Work item: After locating the line that bears "Photo de la", restate word for word that line and the rest of the listing to its final line, excluding all pictures.

Data for review:
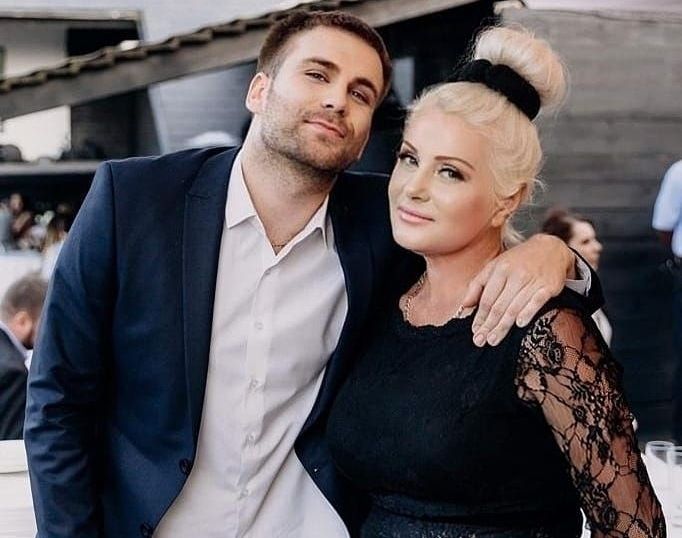 La 60 de ani, mama lui Ionel Istrati cucereste cu frumusetea sa! Ce tinuta a ales pentru concertul fiului ei La 60 de ani, mama lui Ionel Istrati cucereste cu frumusetea sa! Ce tinuta a ales pentru concertul fiului ei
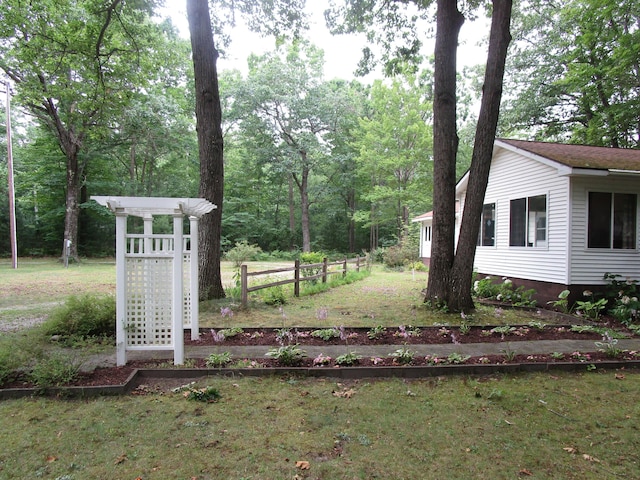 541 Ranch Rd, Indian River, MI 49749 - view of yard featuring fence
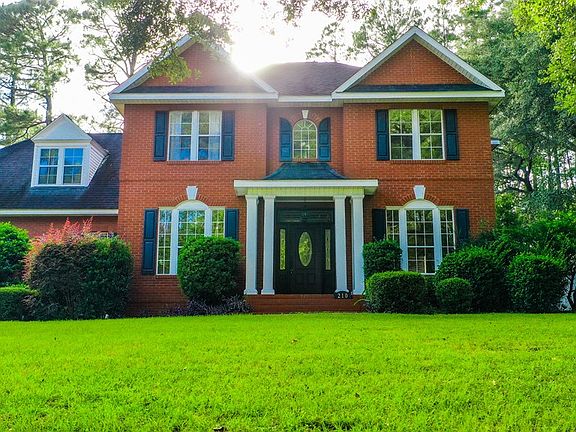 4th image of 210 Heritage Cir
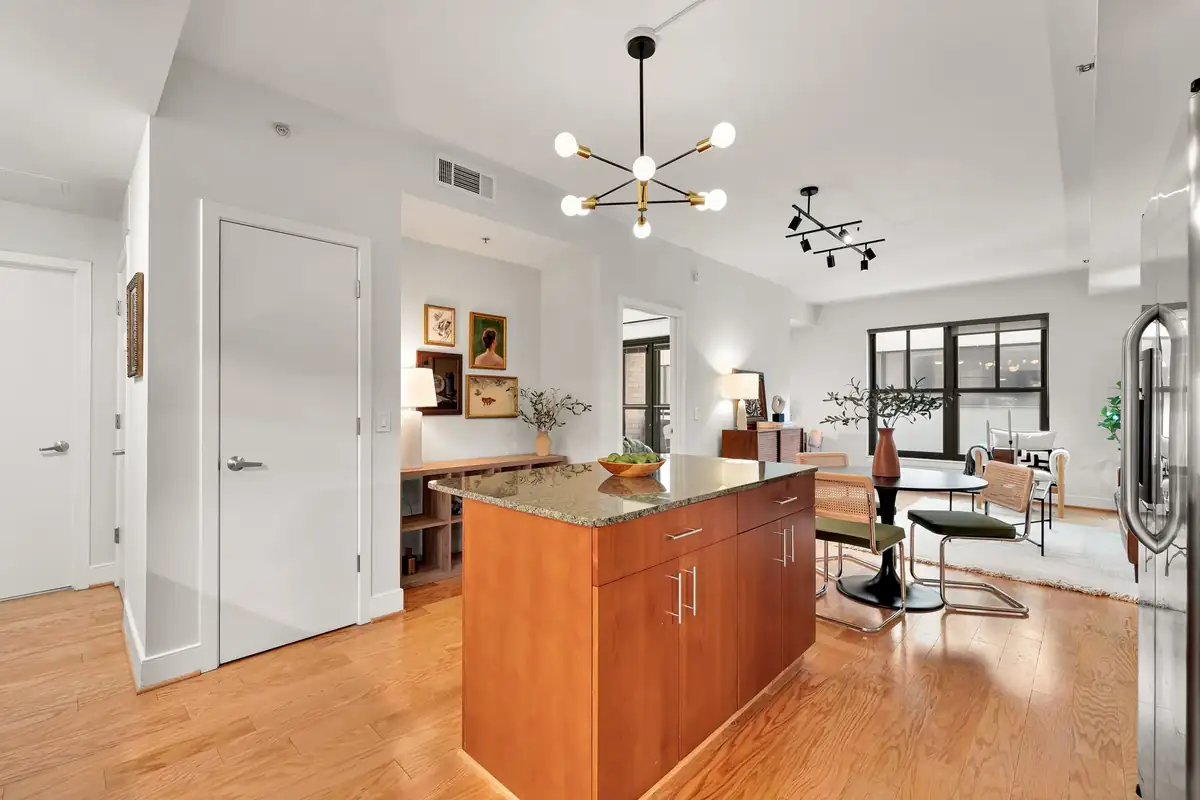 910 M St NW 208-0012.jpg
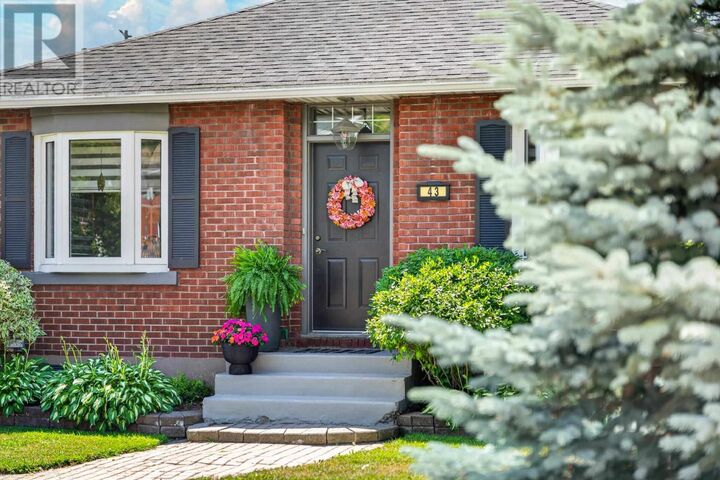 Photo de la propriété:  43 Forest Ave  ON P6B 1A3 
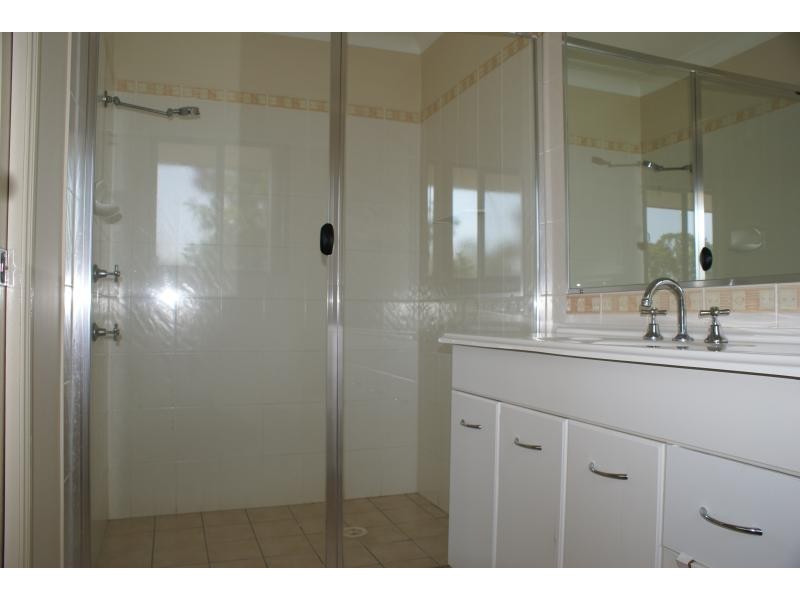 34 Benson Street, Piggabeen NSW 2486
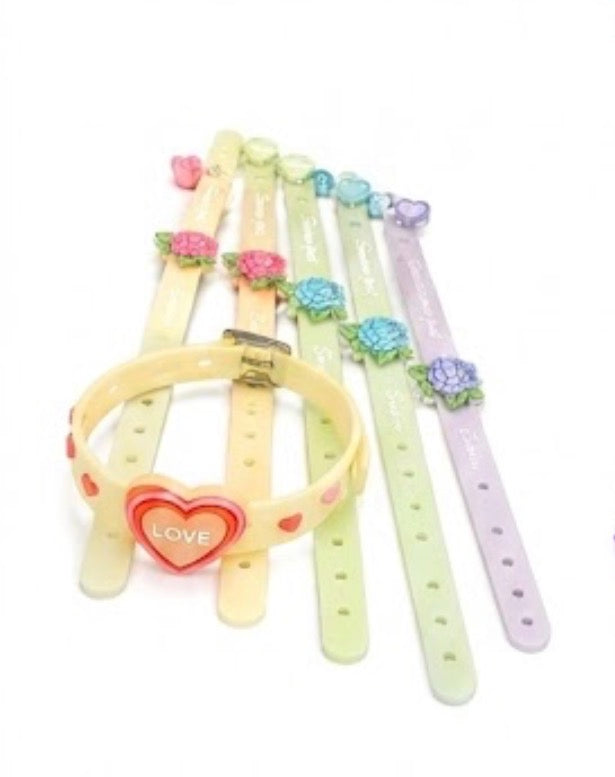 Cute Floral Cat Collar – Adjustable Soft Pet Collar with Heart Charm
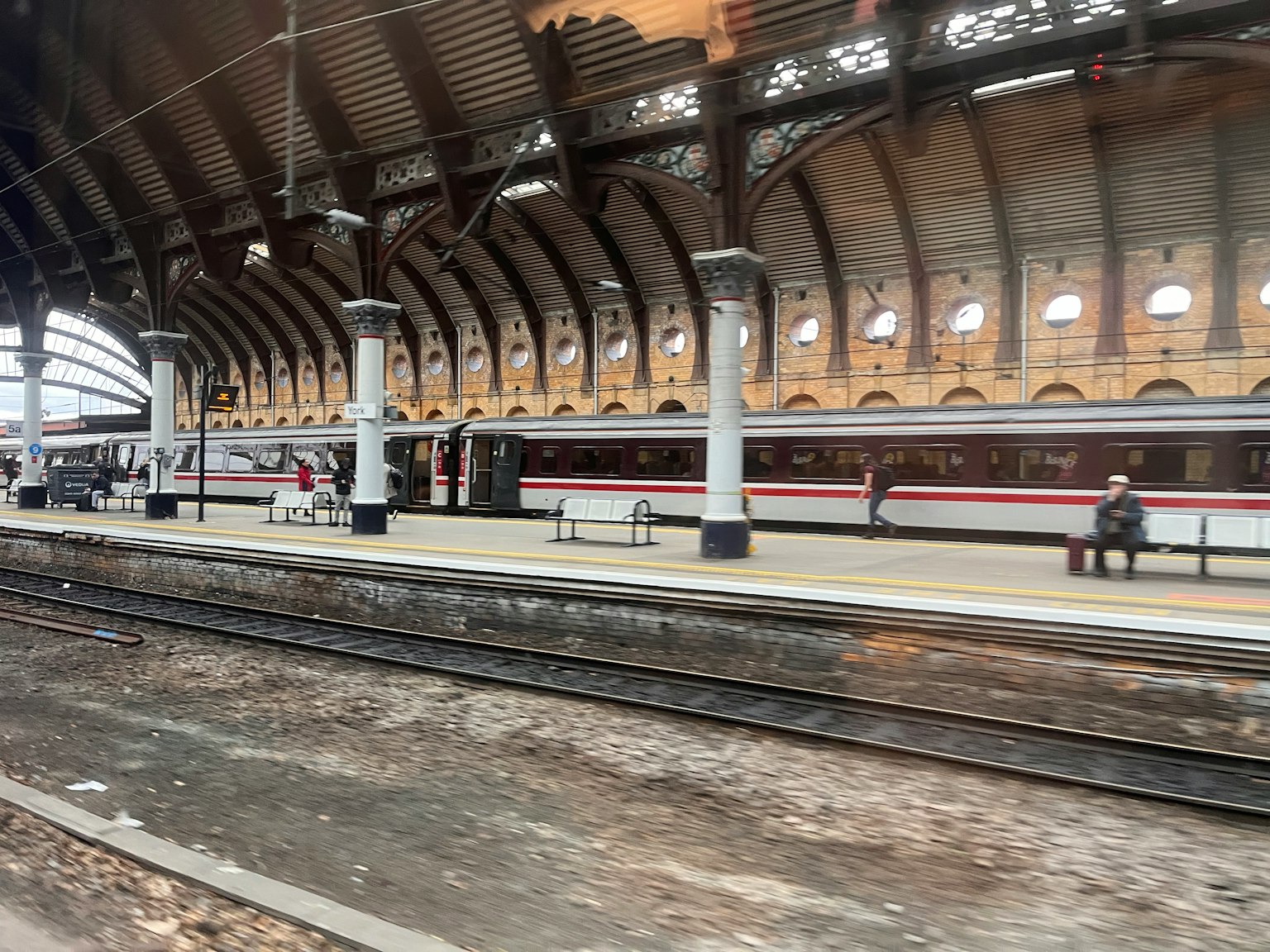 Interno di una bella stazione ferroviaria con un treno in piattaforma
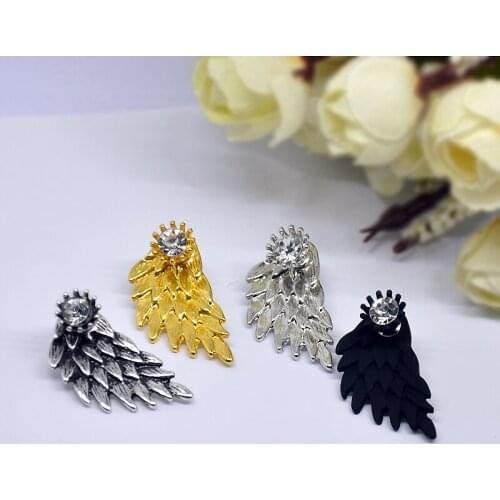 Bulabu Women's Gold Earrings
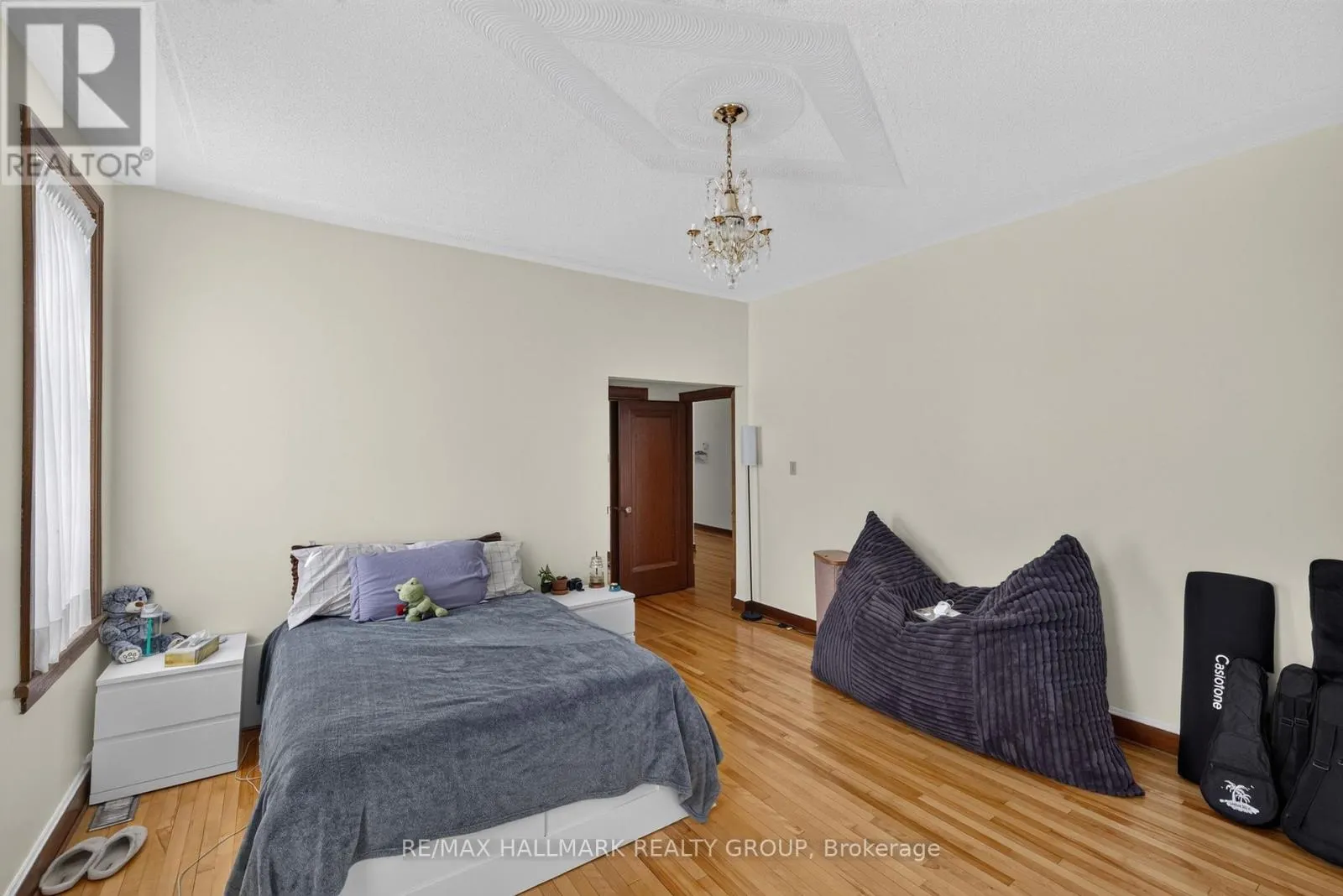 100 JOHN STREET N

Reply:
 Photo de la propriété:  43 Forest Ave  ON P6B 1A3 
 34 Benson Street, Piggabeen NSW 2486
 Cute Floral Cat Collar – Adjustable Soft Pet Collar with Heart Charm
 Interno di una bella stazione ferroviaria con un treno in piattaforma
 Bulabu Women's Gold Earrings
 100 JOHN STREET N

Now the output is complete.